EXERCISE PROMPT: Please reproduce the lines of the records below from the one holding "Madison Park Dijual" through the one holding "Caribbean Legend: Age", inclusive, skipping all pictures.

MATERIALS PROVIDED:
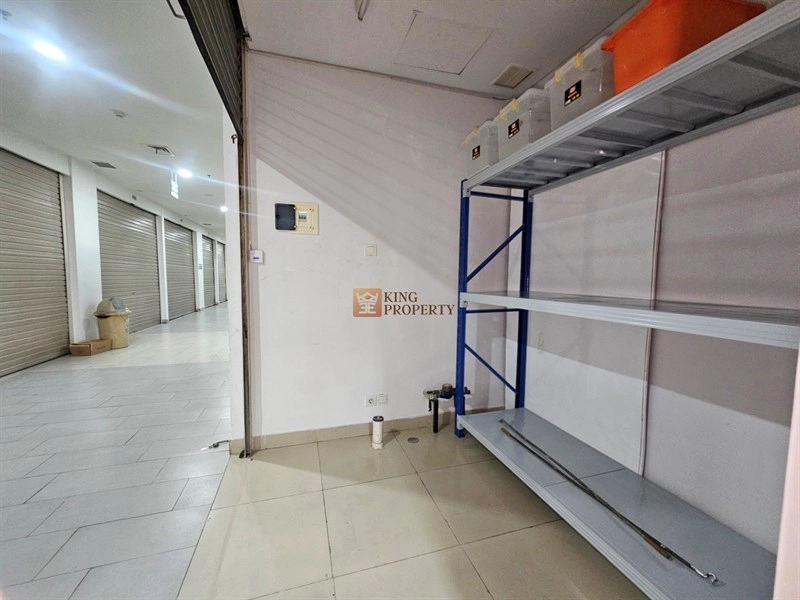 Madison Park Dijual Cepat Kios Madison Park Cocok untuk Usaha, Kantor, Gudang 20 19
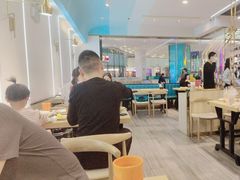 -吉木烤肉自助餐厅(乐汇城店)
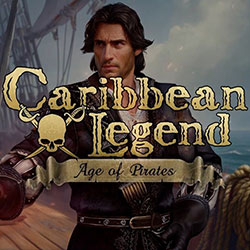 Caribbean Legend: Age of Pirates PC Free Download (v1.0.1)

---

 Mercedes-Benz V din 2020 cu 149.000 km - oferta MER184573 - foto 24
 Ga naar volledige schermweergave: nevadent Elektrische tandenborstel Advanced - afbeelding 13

==

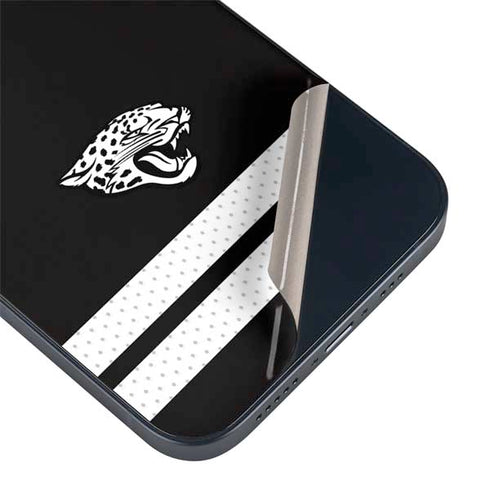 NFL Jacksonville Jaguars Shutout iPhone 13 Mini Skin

EXERCISE OUTPUT:
 Madison Park Dijual Cepat Kios Madison Park Cocok untuk Usaha, Kantor, Gudang 20 19
 -吉木烤肉自助餐厅(乐汇城店)
 Caribbean Legend: Age of Pirates PC Free Download (v1.0.1)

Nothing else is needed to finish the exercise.